La bellezza è oltre, è in qualche modo eterna e quindi indifferente. Denuncia sempre la nostra piccolezza, le nostre carenze e limiti. L’impossibilità stessa di ferire il bello se non cancellandolo totalmente. Estraniarlo non serve, dunque. Sono affreschi scialbati, pagine di diario con immagini che nuotano su parole, su appunti scritti con grafia vibratile, piena di umori, mentre le figure emergono con una loro ridente isolata allegria interna, con un loro irridente affiorare navigando sulla pagina.

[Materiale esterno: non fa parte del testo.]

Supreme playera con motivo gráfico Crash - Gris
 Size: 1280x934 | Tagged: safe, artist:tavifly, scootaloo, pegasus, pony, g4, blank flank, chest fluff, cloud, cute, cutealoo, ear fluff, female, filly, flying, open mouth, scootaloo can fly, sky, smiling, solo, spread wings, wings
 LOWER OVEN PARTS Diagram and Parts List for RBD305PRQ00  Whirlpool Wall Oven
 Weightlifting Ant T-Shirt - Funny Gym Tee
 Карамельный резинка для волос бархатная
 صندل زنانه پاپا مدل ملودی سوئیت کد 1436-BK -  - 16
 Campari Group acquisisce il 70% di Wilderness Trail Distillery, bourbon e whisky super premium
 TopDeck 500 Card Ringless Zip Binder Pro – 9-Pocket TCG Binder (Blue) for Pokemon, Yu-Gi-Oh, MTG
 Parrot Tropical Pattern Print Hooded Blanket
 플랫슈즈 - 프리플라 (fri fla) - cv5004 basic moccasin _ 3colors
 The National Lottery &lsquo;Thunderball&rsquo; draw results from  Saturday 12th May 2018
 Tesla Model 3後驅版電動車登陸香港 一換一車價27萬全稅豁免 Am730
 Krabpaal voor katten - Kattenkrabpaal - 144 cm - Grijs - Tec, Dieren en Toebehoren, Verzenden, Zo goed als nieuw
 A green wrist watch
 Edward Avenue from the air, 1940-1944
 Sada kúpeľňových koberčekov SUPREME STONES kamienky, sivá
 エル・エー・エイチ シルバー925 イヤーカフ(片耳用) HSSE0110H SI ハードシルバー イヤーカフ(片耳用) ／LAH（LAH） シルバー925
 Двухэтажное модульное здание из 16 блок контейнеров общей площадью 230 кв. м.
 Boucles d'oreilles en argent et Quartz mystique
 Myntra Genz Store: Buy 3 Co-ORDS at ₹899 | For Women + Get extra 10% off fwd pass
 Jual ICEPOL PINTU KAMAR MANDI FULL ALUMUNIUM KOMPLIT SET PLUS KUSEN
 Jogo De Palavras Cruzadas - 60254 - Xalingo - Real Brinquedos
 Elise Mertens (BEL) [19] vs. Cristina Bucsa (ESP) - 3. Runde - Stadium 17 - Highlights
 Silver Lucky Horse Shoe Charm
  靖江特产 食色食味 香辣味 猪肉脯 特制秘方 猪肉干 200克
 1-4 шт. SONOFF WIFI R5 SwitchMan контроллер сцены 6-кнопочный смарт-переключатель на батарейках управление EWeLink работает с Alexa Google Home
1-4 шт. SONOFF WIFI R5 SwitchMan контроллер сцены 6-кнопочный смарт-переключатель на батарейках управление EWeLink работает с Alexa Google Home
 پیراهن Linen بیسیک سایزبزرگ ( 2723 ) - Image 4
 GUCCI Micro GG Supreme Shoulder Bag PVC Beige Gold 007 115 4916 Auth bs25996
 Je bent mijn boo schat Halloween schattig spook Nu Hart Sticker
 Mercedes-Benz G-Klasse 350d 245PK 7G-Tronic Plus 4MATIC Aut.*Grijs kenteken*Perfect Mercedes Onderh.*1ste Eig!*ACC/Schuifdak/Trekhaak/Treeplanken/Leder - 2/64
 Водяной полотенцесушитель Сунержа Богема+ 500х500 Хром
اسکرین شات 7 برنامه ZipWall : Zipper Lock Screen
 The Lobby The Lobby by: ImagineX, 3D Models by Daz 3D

Sono pagine di giornale ridipinte con lacerti della stampa originale.
Molteplici sono le occasioni che trova Monica Leonardo per costruire le sue opere sapienti e nello stesso tempo riflessioni non tanto sulla caducità della bellezza, che non muore mai, ma sull’apparenza fenomenica, che unica si sottrae in realtà al divenire, come se quello che lei riesce a vedere fosse un momento magico, l’unico di una esistenza, quello nel quale tutte le promesse, tutte le possibilità e tutte le meraviglie sono racchiuse e a lei tocchi la missione di salvarlo, di conservarlo, vestale della malia e dell’incanto, per sempre, mentre viene aggredito da una violenza, che lo caccia già nel passato, che lo toglie a questo scorrere del tempo, proprio ferendolo.
Talora compaiono piccole figure, tentativi di una storia, racconto in nuce, che non intacca l’onnipotenza dell’immagine, ne rende solo più misteriosa l’apparizione. E un narrare all’interno del tempo segreto della figura, che non scalfisce il dramma di un vetro infranto nel quale è rivestita come in un sudario.